The Times, July 17, 2017

I’ve been saying for decades that this must be the case, so it is good to see a professional spelling it out. It is fair enough to say that a pilot steered clear of a building, but avoid using the word ‘hero’ in that connection.


Clitheroe Advertiser, July 17, 2017

‘Impromptu’ means ‘on the spur of the moment’ so it cannot by definition be planned. Still, if a mistake is worth making once, it’s worth making three times.

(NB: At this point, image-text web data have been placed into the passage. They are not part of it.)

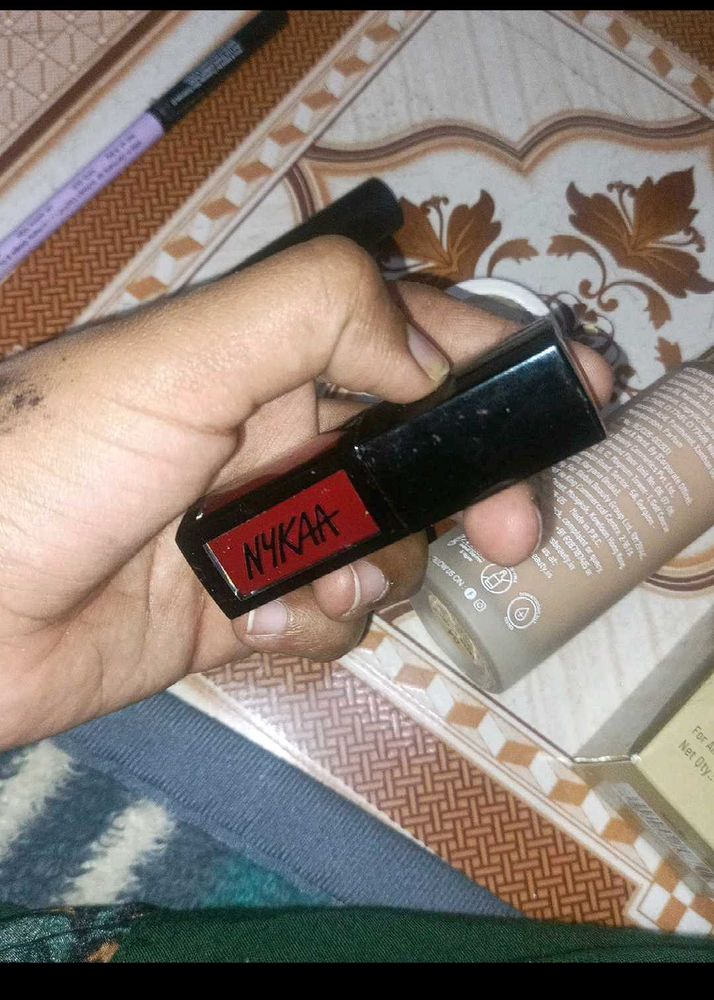 Makeup bundle
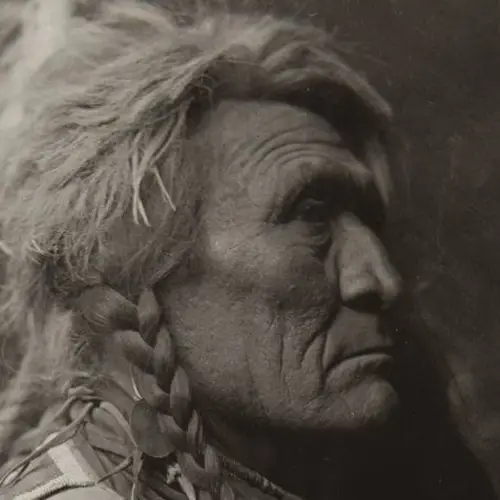Stunning Photos Of The Crow Tribe Taken Just Before Their Culture Was All But Stamped Out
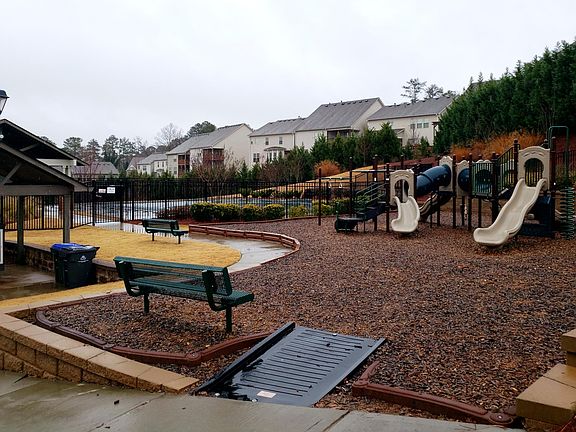 5th image of 1480 Roswell Manor Cir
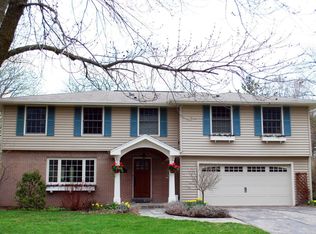 9030 N Pelham Pkwy, Bayside, WI 53217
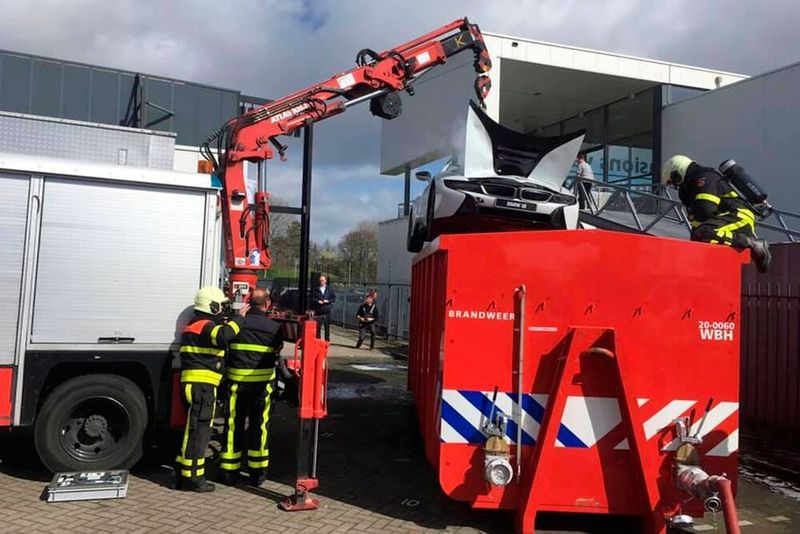 Nach der Spritztour kommt der Tauchgang: Ein BMW i8 verschwindet im Löschcontainer.
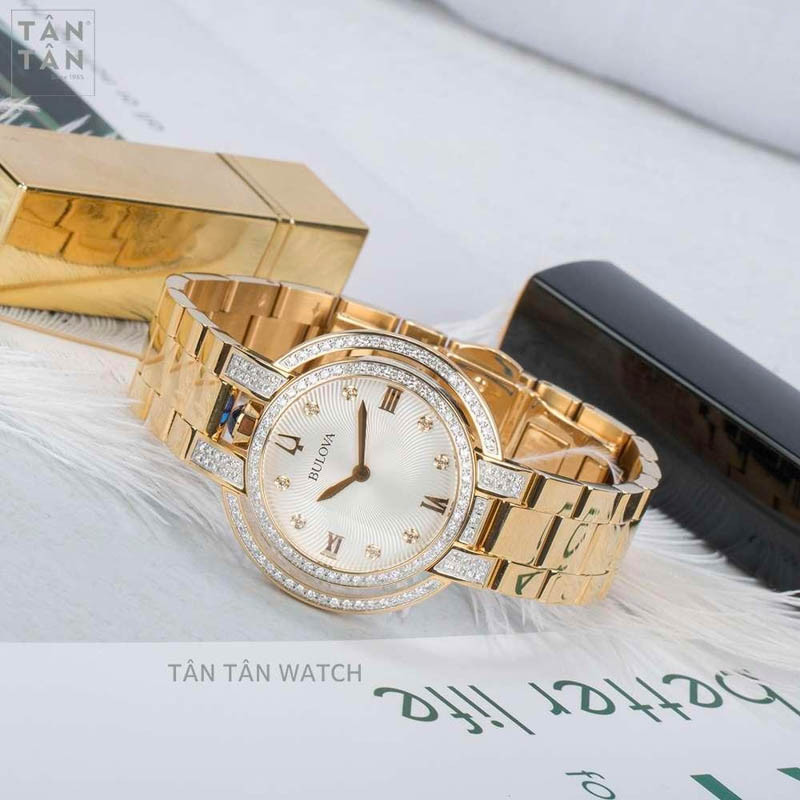 Đồng hồ nữ Bulova Diamonds, nổi bật với những viên kim cương lấp lánh trên thiết kế sang trọng.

PS: I would avoid breaking Clitheroe as in the penultimate line.


Daily Express, July 11, 2017

There seems to be a belief in some quarters that a question mark is not necessary on a question. This belief is quite wrong. All you need to do here is:

What midlife crisis?
t’s fab
to be



The Times, July 15, 2017

Regular readers will know of Giles Coren’s contempt for subs – see Post 79. This is a shame, since he needs help (see also Posts 95 and 74). This time he has tried to show off by using a long word, but it’s the wrong one. ‘Effulgent’ means ‘shining’, ‘brilliant’ or ‘radiant’, in the sense of a facial expression or personality, as in ‘he turned to see his bride with an effulgent beam’. I’m not sure what he meant to put, but ‘over-long’ would have served. Giles, here’s a tip: if you are not sure what a word means, look it up. It will save you from looking a fool.


The Times, July 14, 2017

A sub should always be alert to double meanings. Often they are smutty, but in this case it can be read as the doctors sending the death threats, not receiving them. This is better:

Death threats to Charlie Gard’s doctors

which is the same number of characters.


The Times, July 14, 2017

Is the Times aimed at adults or five-year-olds? It’s hard to tell from this idiotic intro.

As ever, the story is perfectly good on its own. Delete the first sentence and with minimal changes you get

An elephant which was swept ten miles out to sea has been rescued in a 12-hour operation involving the Sri Lankan army, navy and government officials.

The animal is thought to have trying to navigate a shallow coastal lagoon when it was caught in strong currents and carried out into open water.

Note that this removes the word ‘before’ which appears not only in the headline but in the intro and second par. If you tell the story in logical order it is usually unnecessary. The same applies to ‘after’.